Bolton joined the White House National Security Council in March and has been present for most of Trump’s meetings with foreign dignitaries since taking the position. But several media outlets reported this week that he was noticeably absent from a high-stakes Oval Office meeting with North Korea’s vice chairman Kim Yong Chol last Friday. Trump was instead joined by Pompeo for the 90-minute discussion, during which the president agreed to meet with Kim in Singapore on June 12 after previously canceling their planned summit.

North Korean officials had previously targeted Bolton in complaints about the administration’s approach to nuclear negotiations.

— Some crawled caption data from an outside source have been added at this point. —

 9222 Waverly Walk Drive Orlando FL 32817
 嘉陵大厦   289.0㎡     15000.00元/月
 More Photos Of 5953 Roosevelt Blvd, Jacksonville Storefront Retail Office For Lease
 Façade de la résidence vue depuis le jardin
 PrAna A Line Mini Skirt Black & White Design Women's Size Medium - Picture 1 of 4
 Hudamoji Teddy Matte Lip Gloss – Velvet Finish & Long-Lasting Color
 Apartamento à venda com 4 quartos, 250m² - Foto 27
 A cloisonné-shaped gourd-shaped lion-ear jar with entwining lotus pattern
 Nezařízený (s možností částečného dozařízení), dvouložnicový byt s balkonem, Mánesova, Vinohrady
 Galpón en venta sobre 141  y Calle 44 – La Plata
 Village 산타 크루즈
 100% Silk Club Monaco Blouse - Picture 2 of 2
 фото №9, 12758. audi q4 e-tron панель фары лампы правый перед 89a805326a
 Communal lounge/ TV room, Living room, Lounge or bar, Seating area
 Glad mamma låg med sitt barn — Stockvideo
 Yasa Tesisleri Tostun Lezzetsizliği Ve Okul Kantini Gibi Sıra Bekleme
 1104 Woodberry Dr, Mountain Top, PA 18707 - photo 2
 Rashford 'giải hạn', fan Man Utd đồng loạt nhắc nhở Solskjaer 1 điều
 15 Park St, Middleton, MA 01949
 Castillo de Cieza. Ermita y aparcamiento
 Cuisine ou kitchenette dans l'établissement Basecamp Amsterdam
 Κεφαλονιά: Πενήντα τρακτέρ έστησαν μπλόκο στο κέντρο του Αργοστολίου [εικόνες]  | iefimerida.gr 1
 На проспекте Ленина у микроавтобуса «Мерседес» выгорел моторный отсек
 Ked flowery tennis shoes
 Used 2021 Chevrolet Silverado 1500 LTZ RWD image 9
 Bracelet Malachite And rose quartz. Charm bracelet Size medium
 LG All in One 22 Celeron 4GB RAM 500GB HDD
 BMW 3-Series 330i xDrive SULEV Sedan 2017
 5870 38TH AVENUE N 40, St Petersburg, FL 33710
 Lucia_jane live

His suggestion that U.S. officials rely on the “Libya model” in talks with Pyongyang caused uproar within the Kim regime, since Libyan leader Moammar Gaddafi was assassinated by rebel-backed forces years after surrendering his nuclear weapons program.

Conway said the “absence of someone in any one meeting or any one event” does not always mean they have been pushed out of the president’s inner circle, noting that Bolton has been active behind the scenes in preparing Trump for the upcoming summit.

“[Trump] has been extensively briefed [and] he’s preparing in many different ways,” she told reporters.

[Trump getting daily briefings on North Korea’s nuclear program ahead of summit]

The president is expected to travel to Singapore after meeting with G7 allies in Quebec later this week. He will be joined by Pompeo, Bolton, chief of staff John Kelly, deputy chief of staff Joe Hagin, and several other State Department and CIA officials.

“There could be more than one meeting, more that one conversation” between Trump and Kim, Conway said Wednesday, claiming it could take as many as “2, 3, 4, 5” meetings to ink a nuclear deal with the authoritarian regime.